Your objective: When the data below is printed, every line must match exactly and the images must be absent.

Given data:

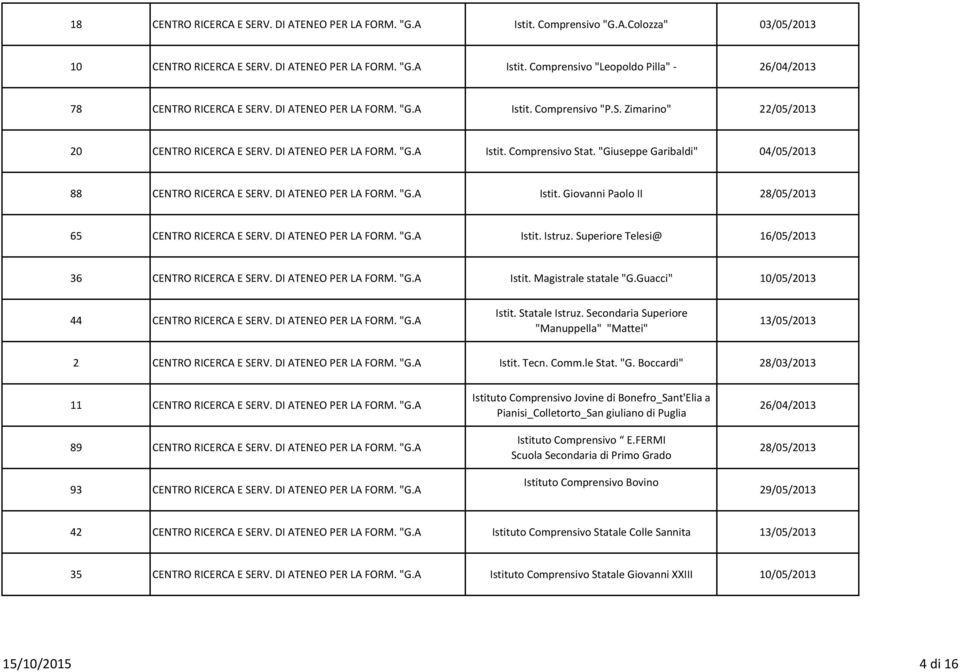 "Giuseppe Garibaldi" 04/05/2013 88 CENTRO RICERCA E SERV. DI ATENEO PER LA FORM. "G.A Istit. Giovanni Paolo II 28/05/2013 65 CENTRO RICERCA E SERV. DI ATENEO PER LA FORM. "G.A Istit. Istruz.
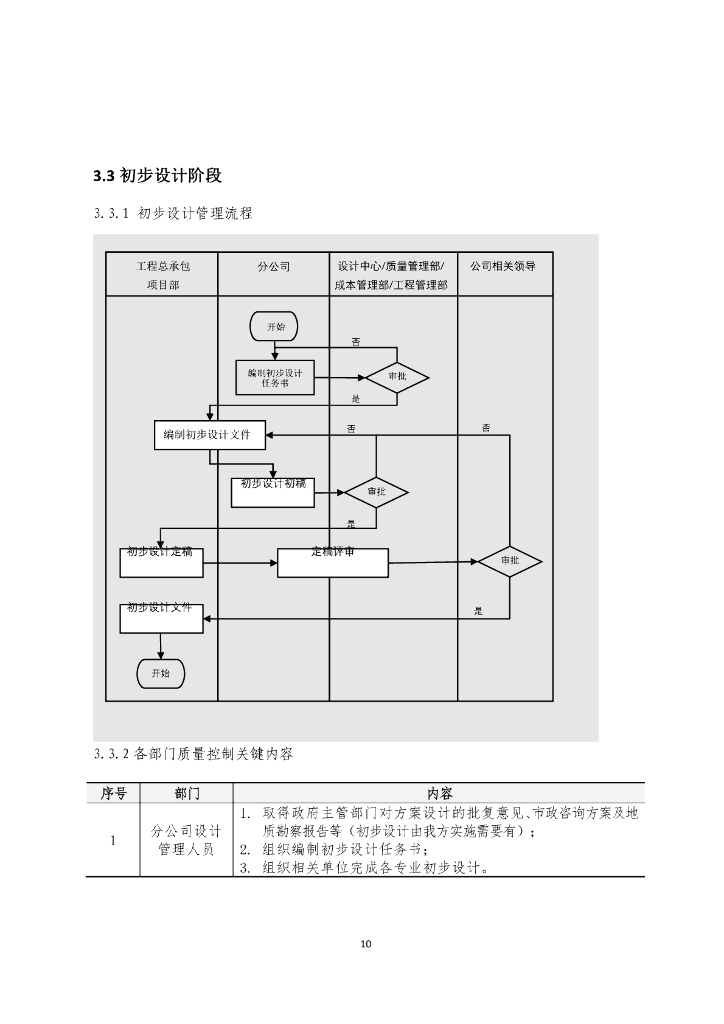 中建EPC工程设计质量管理制度_第10页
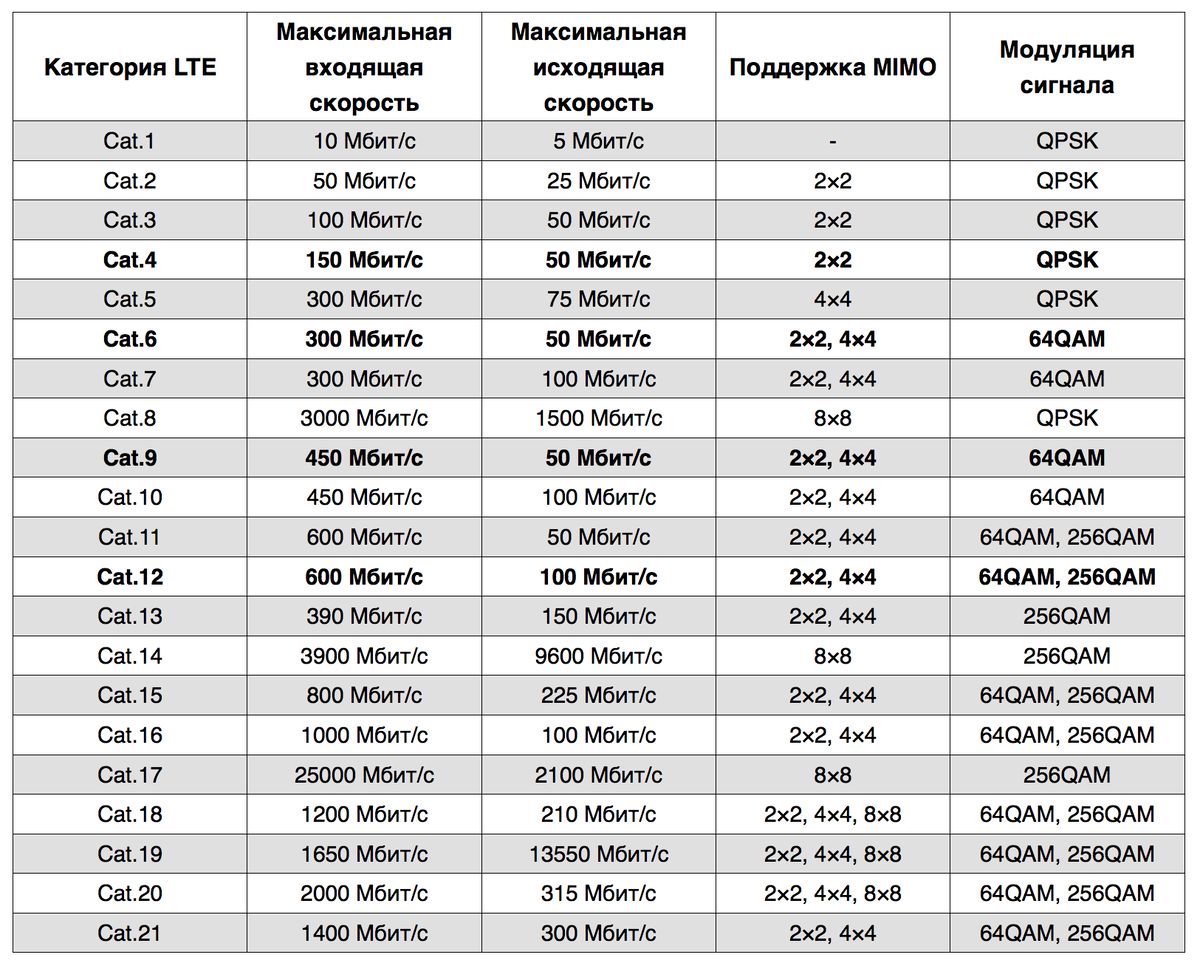 13. Lte cat 20. Lte cat что это. Lte cat 19 таблица. Cat 12 lte скорость таблица.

Your response:
 "Giuseppe Garibaldi" 04/05/2013 88 CENTRO RICERCA E SERV. DI ATENEO PER LA FORM. "G.A Istit. Giovanni Paolo II 28/05/2013 65 CENTRO RICERCA E SERV. DI ATENEO PER LA FORM. "G.A Istit. Istruz.
 中建EPC工程设计质量管理制度_第10页
 13. Lte cat 20. Lte cat что это. Lte cat 19 таблица. Cat 12 lte скорость таблица.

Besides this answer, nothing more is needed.